Hive Runner is a python script that pulls saved queries from Beeswax, runs the queries on Hive, and stores the results in Memcache.

Using Hive Runner

Requirements

  • Python 2.7

  • Cloudera Beeswax - Beeswax must be using a MySQL Database for storage.

  • HiveServer - You must be running HiveServer version 1. Note that Cloudera’s Hadoop distribution only ships with version 2. You can easily install version 1 using Cloudera’s package repositories.

  • Memcached - You must have Memcached running somewhere.

  • Pip - Pip is used for Python package dependency.

Installation

  • Optionally, create a VirtualEnv: virtualenv environment-name

  • Optionally, use your VirtualEnv: source environment-name/bin/activate

  • Install Hive Runner via pip: pip install hiverunner

Usage

Hive Runner has flexible parameters. Available options can be seen by running hiverunner --help. The most important parameters to include when running Hive Runner from the command line are connection settings.

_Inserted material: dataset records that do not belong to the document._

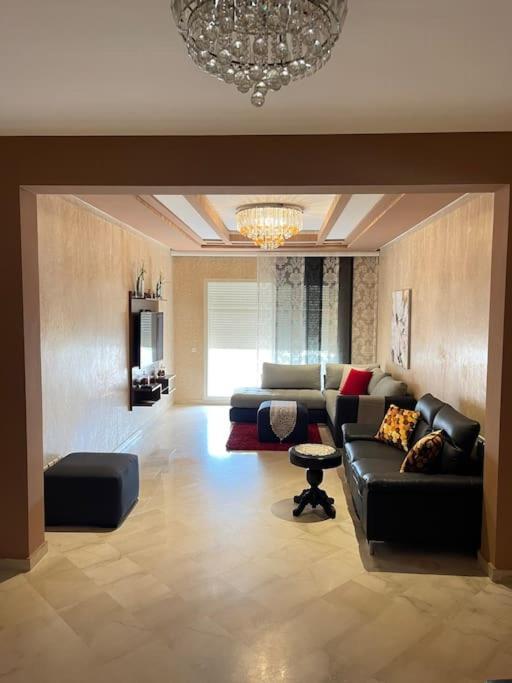 Big Luxury Apartment Near Airport نواصير المظهر الخارجي الصورة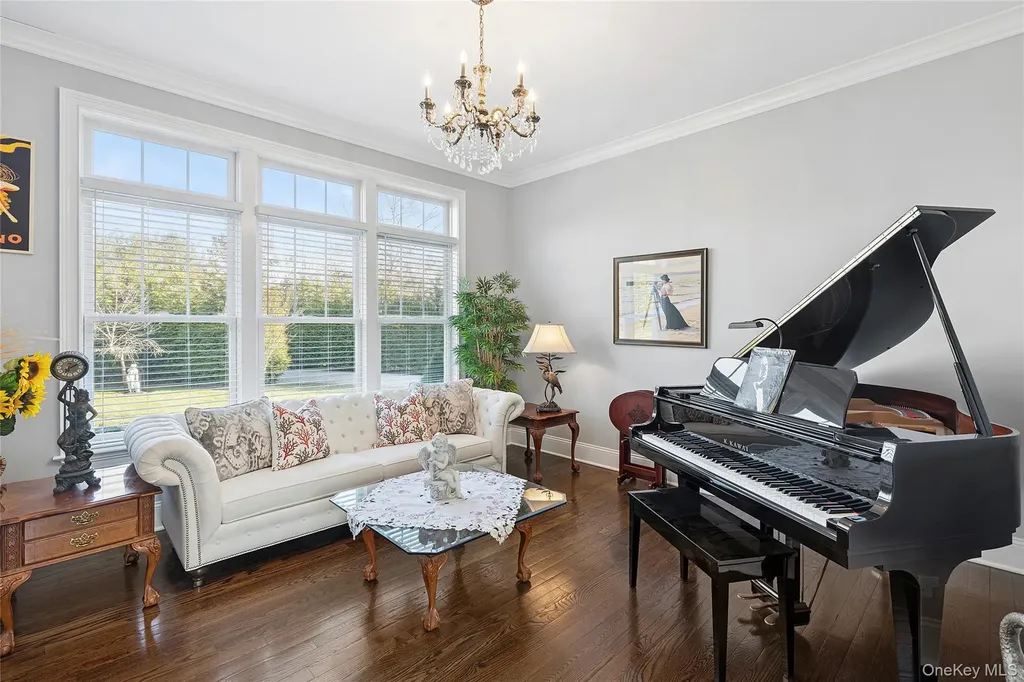 106 E Tiana Road Hampton Bays NY 11946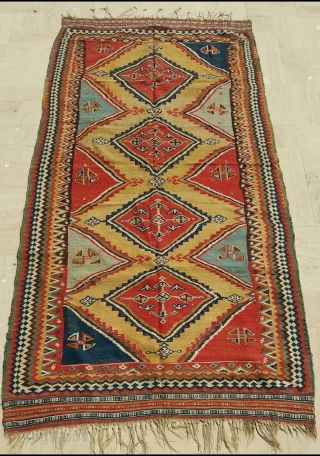 Qashqai Kilim circa 1870 size: 152 x 300 cm                        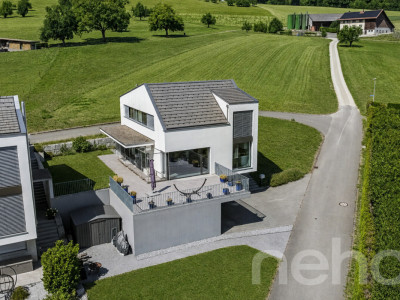 Modernes Zuhause mit unverbaubarer Weitsicht und viel Wohnkomfort image 1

For example, to run all queries in Beeswax prepended with _hourly and caching the results in memcache:

hiverunner --hourly \
--mysql-host mysql01.example.com \
--mysql-database beeswax \
--mysql-user hue \
--mysql-password secret \
--hive-host hive01.example.com \
--memcache-host cache01.example.com

You can run the same command for all queries prepended with _weekly simply by changing the hourly parameter to weekly:

hiverunner --weekly \
--mysql-host mysql01.example.com \
--mysql-database beeswax \
--mysql-user hue \
--mysql-password secret \
--hive-host hive01.example.com \
--memcache-host cache01.example.com

If you find that you need to run custom named queries or only a single query the custom parameter makes this easy. Simply provide the name of the query that must be run.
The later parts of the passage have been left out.